US war hero turned senator, John McCain, has died at the age of 81.
The 2008 Republican presidential candidate died on Saturday surrounded by his family, a short statement released by his office said.
He was diagnosed with an aggressive brain tumour in July 2017 and had been undergoing medical treatment.
His family announced on Friday that Mr McCain, who left Washington in December, had decided to stop treatment.
His daughter, Meghan McCain, said the task of her lifetime would now be “to live up to his example, his expectations, and his love.
“The days and years to come will not be the same without my dad – but they will be good days, filled with life and love, because of the example he lived for us,” she wrote in a statement shared on Twitter.
The six-term senator was diagnosed after doctors discovered his tumour during surgery to remove a blood clot from above his left eye last July.
His family said he would lie in state in Phoenix, Arizona, and in Washington DC before a funeral at the Washington National Cathedral and his burial in Annapolis, Maryland.

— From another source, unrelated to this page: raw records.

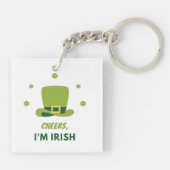 " CHEERS I M IRISH" DUBBELE ACRYLIC-SLEUTELHANGER SLEUTELHANGER (Achterkant)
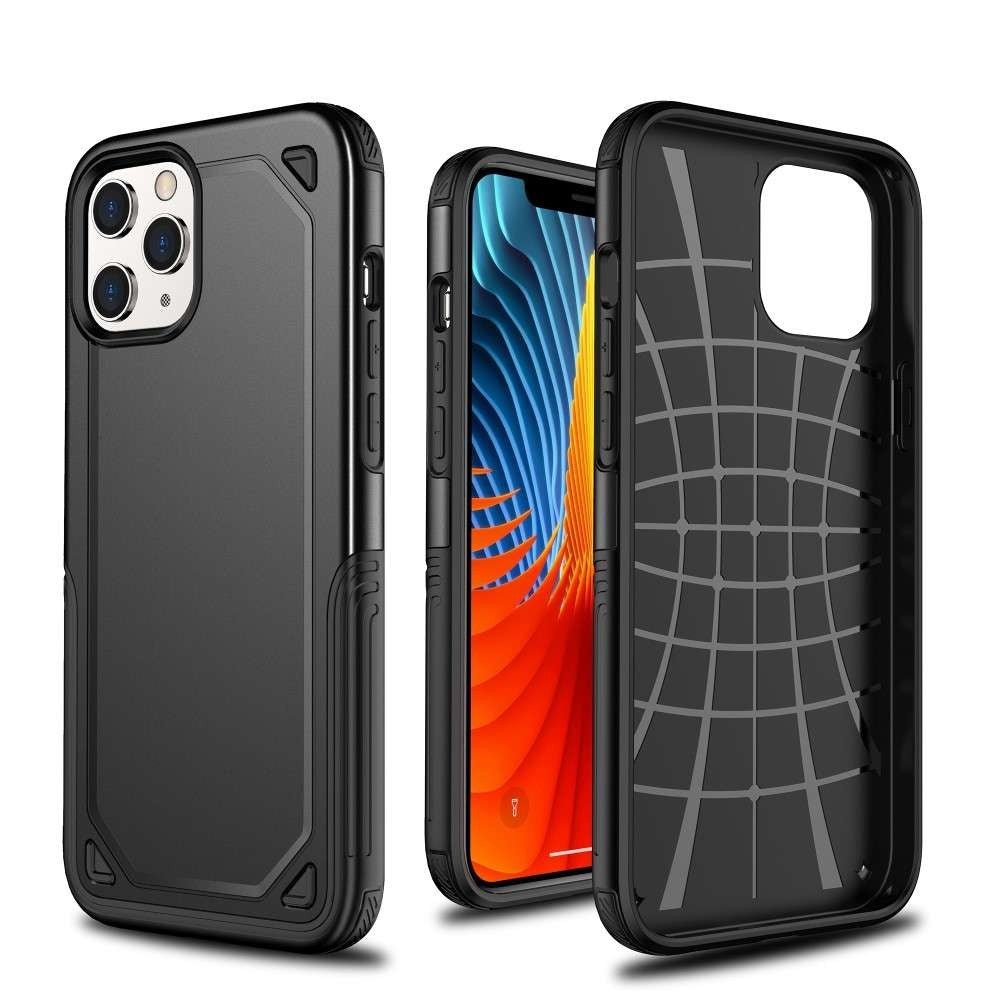 Husa de protectie Flippy pentru Apple iPhone SE 2020 Defender Model 2, Negru-0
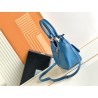 Prada Moon Bag in Blue Padded Nappa Leather 110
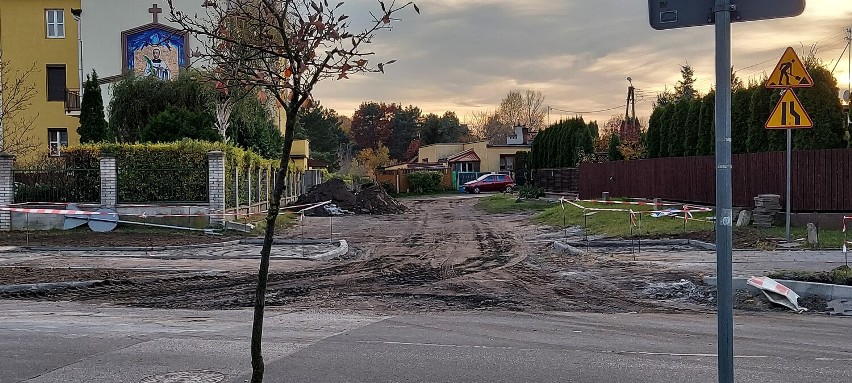 Trwają prace drogowe we Włocławku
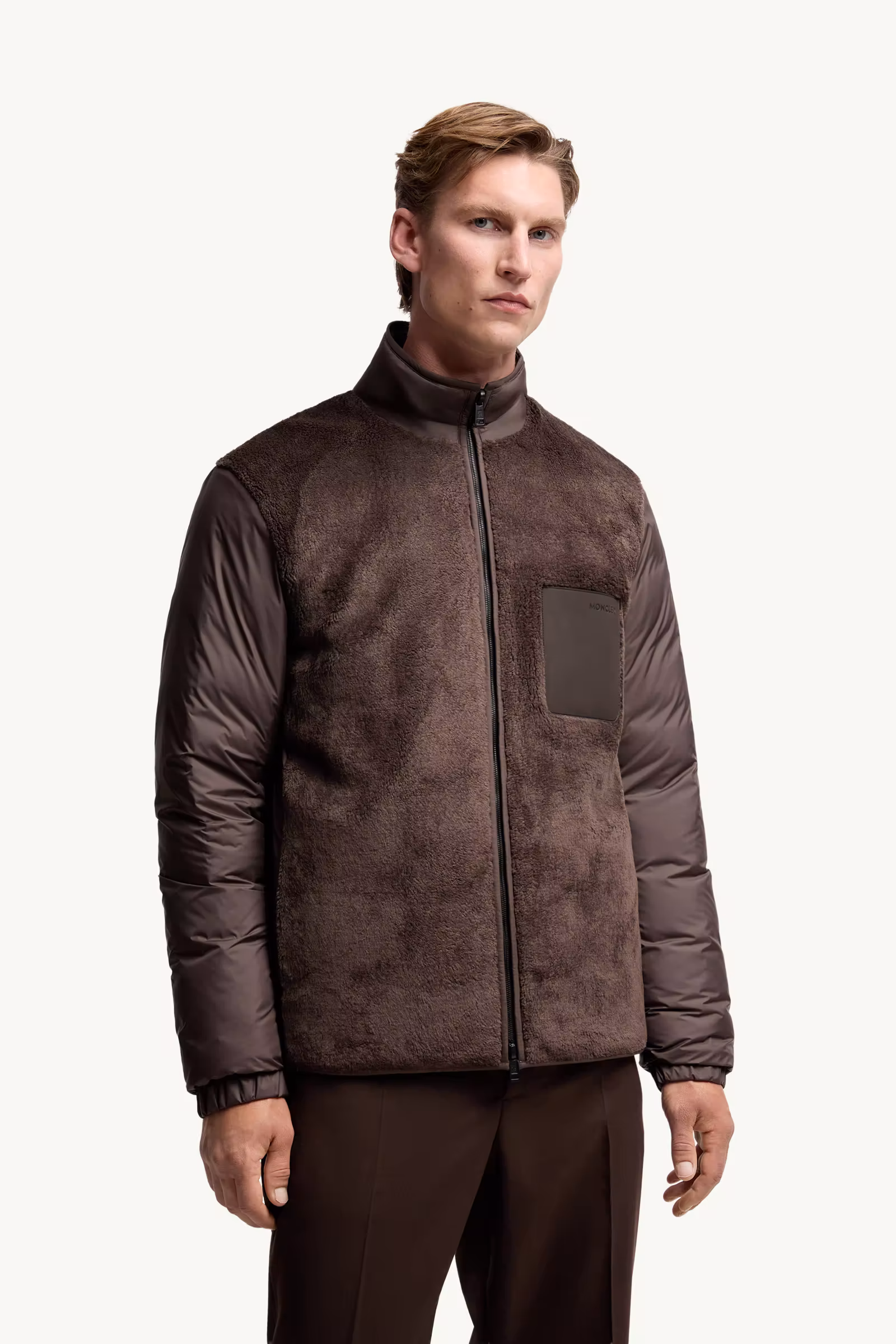 Livra Reversible Teddy Short Down Jacket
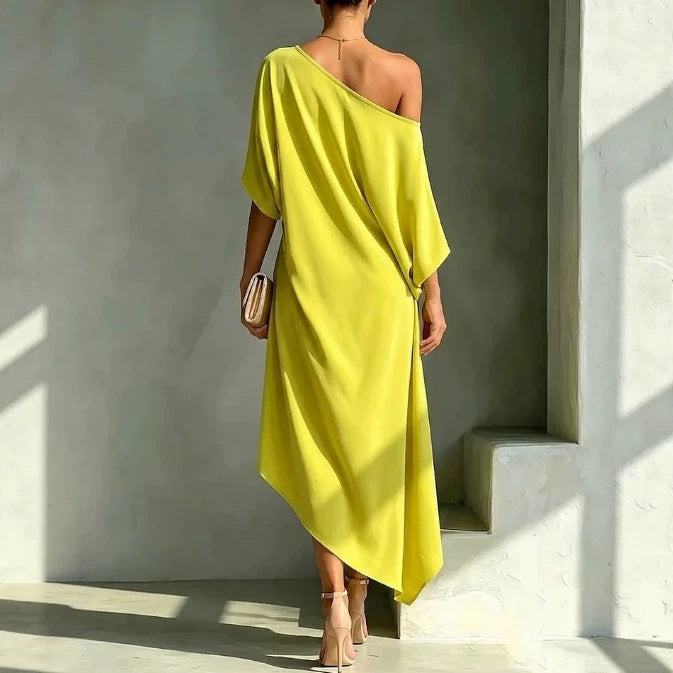 Damen Elegantes Asymmetrisches Kleid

The son and grandson of Navy admirals, McCain was a fighter pilot during the war in Vietnam. When his plane was shot down, he spent more than five years as a prisoner of war.
While in the custody of his captors, he suffered torture that left him with lasting disabilities.

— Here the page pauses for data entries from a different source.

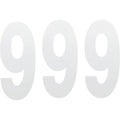 Factory Effex FX Number 9 - White - 8" | 02-4489
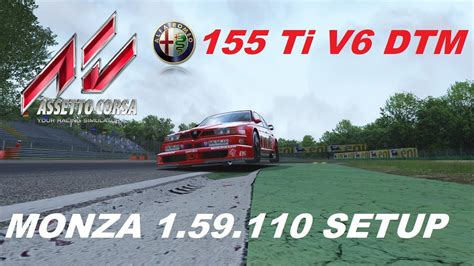 Assetto Corsa Alfa Romeo V Ti Dtm Monza Setup Guide Youtube My XXX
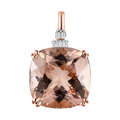 Luxoro AAA Marropino Morganite and G-H I2 Diamond 7.55 ctw Pendant in  14K Rose Gold - Sticky add to cart bar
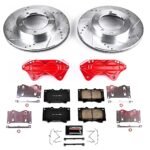 Powerstop 2-Wheel Set Power Stop&reg; KC1132 Front Z23 Daily Carbon-Fiber Ceramic Brake Pad, Drilled & Slotted Rotor and Caliper Kit - Image 4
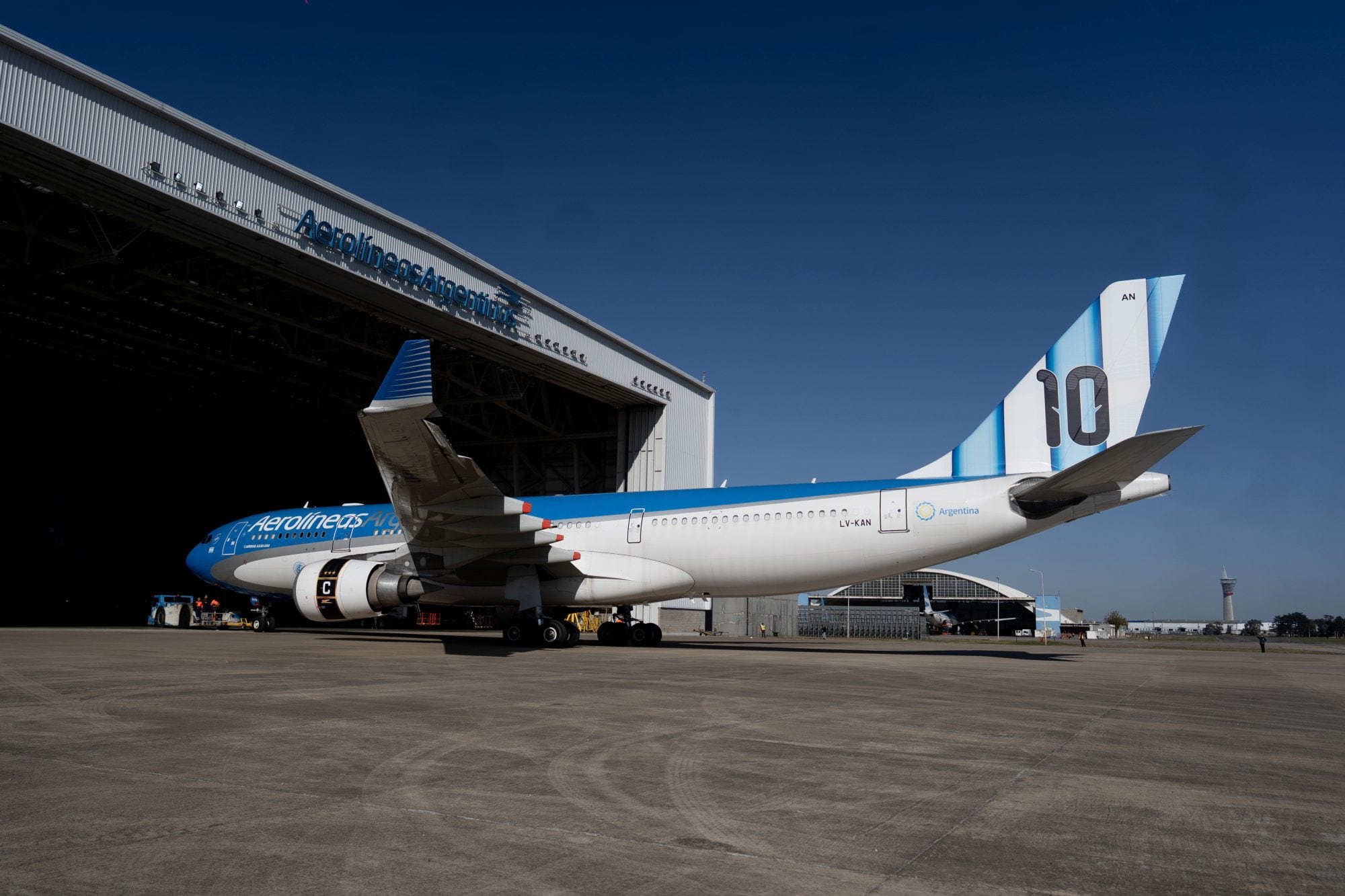El avión de Aerolíneas Argentina que llevará a la selección nacional al Mundial 2026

McCain never won the top political office for which he longed. Throughout his life, however, he offered a full-throated defence of an America that was active and engaged in the world. In his final years he sparred with President Donald Trump over the direction of the Republican Party and the principles it should embrace.
Former President George W Bush described McCain as “a patriot of the highest order”, adding: “He was a public servant in the finest traditions of our country. And to me, he was a friend whom I’ll deeply miss.”
Sarah Palin, who was McCain’s running mate during his 2008 bid for president, said the world had lost “an American original”, sharing a picture of herself with the man she called her friend.
President Trump, whom Mr McCain has strongly criticised, tweeted his “deepest sympathies” to Mr McCain’s family but made no comment about his life.
Barack Obama, the Democrat who beat Mr McCain to the presidency, said despite their differences, they shared “a fidelity to something higher – the ideals for which generations of Americans and immigrants alike have fought, marched and sacrificed.
“Few of us have been tested the way John once was, or required to show the kind of courage that he did,” Mr Obama said. “But all of us can aspire to the courage to put the greater good above our own.
“At John’s best, he showed us what that means.”
Former vice-president, long-time friend and political opponent Joe Biden said McCain’s “impact on America hasn’t ended”.
“John McCain’s life is proof that some truths are timeless,” he said in a statement. “Character. Courage. Integrity.
“A life lived embodying those truths casts a long, long shadow. John McCain will cast a long shadow.”